Transcribe the data exactly.
※ ※ ※
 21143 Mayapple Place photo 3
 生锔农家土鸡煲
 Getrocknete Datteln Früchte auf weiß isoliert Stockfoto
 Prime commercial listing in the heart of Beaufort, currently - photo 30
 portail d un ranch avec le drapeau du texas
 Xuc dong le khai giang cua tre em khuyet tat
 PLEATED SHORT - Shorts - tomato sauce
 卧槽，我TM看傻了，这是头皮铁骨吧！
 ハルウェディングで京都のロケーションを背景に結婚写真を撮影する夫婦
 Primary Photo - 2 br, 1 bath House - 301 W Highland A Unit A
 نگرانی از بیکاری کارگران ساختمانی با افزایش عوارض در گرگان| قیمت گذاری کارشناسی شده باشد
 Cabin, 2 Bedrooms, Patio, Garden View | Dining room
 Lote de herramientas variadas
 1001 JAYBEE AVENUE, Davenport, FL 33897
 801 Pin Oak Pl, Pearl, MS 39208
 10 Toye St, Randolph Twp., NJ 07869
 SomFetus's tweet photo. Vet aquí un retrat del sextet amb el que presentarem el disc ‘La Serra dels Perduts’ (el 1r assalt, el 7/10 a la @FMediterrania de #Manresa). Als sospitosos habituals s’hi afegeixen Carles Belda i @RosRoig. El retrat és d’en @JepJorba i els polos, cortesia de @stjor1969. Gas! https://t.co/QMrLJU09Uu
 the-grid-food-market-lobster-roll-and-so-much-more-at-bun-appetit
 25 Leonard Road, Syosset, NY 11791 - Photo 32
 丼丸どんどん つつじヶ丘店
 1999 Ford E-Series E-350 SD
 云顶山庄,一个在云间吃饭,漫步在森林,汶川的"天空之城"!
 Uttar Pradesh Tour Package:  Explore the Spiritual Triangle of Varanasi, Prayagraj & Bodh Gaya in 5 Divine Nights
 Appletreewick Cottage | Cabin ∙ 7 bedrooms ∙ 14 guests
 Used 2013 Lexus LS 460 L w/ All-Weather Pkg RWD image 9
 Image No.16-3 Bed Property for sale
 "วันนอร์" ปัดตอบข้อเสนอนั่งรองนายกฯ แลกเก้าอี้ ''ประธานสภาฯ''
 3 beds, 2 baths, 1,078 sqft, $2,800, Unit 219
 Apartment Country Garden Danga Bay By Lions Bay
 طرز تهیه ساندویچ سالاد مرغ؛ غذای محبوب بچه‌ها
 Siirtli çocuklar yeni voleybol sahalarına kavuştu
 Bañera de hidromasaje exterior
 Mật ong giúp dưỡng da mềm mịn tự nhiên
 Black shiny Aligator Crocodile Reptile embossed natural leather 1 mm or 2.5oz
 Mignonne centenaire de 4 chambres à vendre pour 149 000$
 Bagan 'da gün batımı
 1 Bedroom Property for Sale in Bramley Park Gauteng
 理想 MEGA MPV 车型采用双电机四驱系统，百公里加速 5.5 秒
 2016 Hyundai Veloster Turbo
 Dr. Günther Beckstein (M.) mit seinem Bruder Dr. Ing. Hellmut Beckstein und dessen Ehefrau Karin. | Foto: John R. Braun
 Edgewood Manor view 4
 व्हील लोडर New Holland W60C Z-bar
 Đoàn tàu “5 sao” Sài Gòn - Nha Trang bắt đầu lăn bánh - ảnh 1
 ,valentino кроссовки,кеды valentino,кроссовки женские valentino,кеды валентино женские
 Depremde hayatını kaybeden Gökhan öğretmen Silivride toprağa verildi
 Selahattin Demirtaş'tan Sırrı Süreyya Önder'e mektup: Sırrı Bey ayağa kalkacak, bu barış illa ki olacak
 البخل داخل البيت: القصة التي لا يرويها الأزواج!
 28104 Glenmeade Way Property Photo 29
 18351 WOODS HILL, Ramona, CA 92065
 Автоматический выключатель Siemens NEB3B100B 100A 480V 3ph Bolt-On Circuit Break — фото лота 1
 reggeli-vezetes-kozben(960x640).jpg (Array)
※ ※ ※
▶ _Task answer_
 21143 Mayapple Place photo 3
 生锔农家土鸡煲
 Getrocknete Datteln Früchte auf weiß isoliert Stockfoto
 Prime commercial listing in the heart of Beaufort, currently - photo 30
 portail d un ranch avec le drapeau du texas
 Xuc dong le khai giang cua tre em khuyet tat
 PLEATED SHORT - Shorts - tomato sauce
 卧槽，我TM看傻了，这是头皮铁骨吧！
 ハルウェディングで京都のロケーションを背景に結婚写真を撮影する夫婦
 Primary Photo - 2 br, 1 bath House - 301 W Highland A Unit A
 نگرانی از بیکاری کارگران ساختمانی با افزایش عوارض در گرگان| قیمت گذاری کارشناسی شده باشد
 Cabin, 2 Bedrooms, Patio, Garden View | Dining room
 Lote de herramientas variadas
 1001 JAYBEE AVENUE, Davenport, FL 33897
 801 Pin Oak Pl, Pearl, MS 39208
 10 Toye St, Randolph Twp., NJ 07869
 SomFetus's tweet photo. Vet aquí un retrat del sextet amb el que presentarem el disc ‘La Serra dels Perduts’ (el 1r assalt, el 7/10 a la @FMediterrania de #Manresa). Als sospitosos habituals s’hi afegeixen Carles Belda i @RosRoig. El retrat és d’en @JepJorba i els polos, cortesia de @stjor1969. Gas! https://t.co/QMrLJU09Uu
 the-grid-food-market-lobster-roll-and-so-much-more-at-bun-appetit
 25 Leonard Road, Syosset, NY 11791 - Photo 32
 丼丸どんどん つつじヶ丘店
 1999 Ford E-Series E-350 SD
 云顶山庄,一个在云间吃饭,漫步在森林,汶川的"天空之城"!
 Uttar Pradesh Tour Package:  Explore the Spiritual Triangle of Varanasi, Prayagraj & Bodh Gaya in 5 Divine Nights
 Appletreewick Cottage | Cabin ∙ 7 bedrooms ∙ 14 guests
 Used 2013 Lexus LS 460 L w/ All-Weather Pkg RWD image 9
 Image No.16-3 Bed Property for sale
 "วันนอร์" ปัดตอบข้อเสนอนั่งรองนายกฯ แลกเก้าอี้ ''ประธานสภาฯ''
 3 beds, 2 baths, 1,078 sqft, $2,800, Unit 219
 Apartment Country Garden Danga Bay By Lions Bay
 طرز تهیه ساندویچ سالاد مرغ؛ غذای محبوب بچه‌ها
 Siirtli çocuklar yeni voleybol sahalarına kavuştu
 Bañera de hidromasaje exterior
 Mật ong giúp dưỡng da mềm mịn tự nhiên
 Black shiny Aligator Crocodile Reptile embossed natural leather 1 mm or 2.5oz
 Mignonne centenaire de 4 chambres à vendre pour 149 000$
 Bagan 'da gün batımı
 1 Bedroom Property for Sale in Bramley Park Gauteng
 理想 MEGA MPV 车型采用双电机四驱系统，百公里加速 5.5 秒
 2016 Hyundai Veloster Turbo
 Dr. Günther Beckstein (M.) mit seinem Bruder Dr. Ing. Hellmut Beckstein und dessen Ehefrau Karin. | Foto: John R. Braun
 Edgewood Manor view 4
 व्हील लोडर New Holland W60C Z-bar
 Đoàn tàu “5 sao” Sài Gòn - Nha Trang bắt đầu lăn bánh - ảnh 1
 ,valentino кроссовки,кеды valentino,кроссовки женские valentino,кеды валентино женские
 Depremde hayatını kaybeden Gökhan öğretmen Silivride toprağa verildi
 Selahattin Demirtaş'tan Sırrı Süreyya Önder'e mektup: Sırrı Bey ayağa kalkacak, bu barış illa ki olacak
 البخل داخل البيت: القصة التي لا يرويها الأزواج!
 28104 Glenmeade Way Property Photo 29
 18351 WOODS HILL, Ramona, CA 92065
 Автоматический выключатель Siemens NEB3B100B 100A 480V 3ph Bolt-On Circuit Break — фото лота 1
 reggeli-vezetes-kozben(960x640).jpg (Array)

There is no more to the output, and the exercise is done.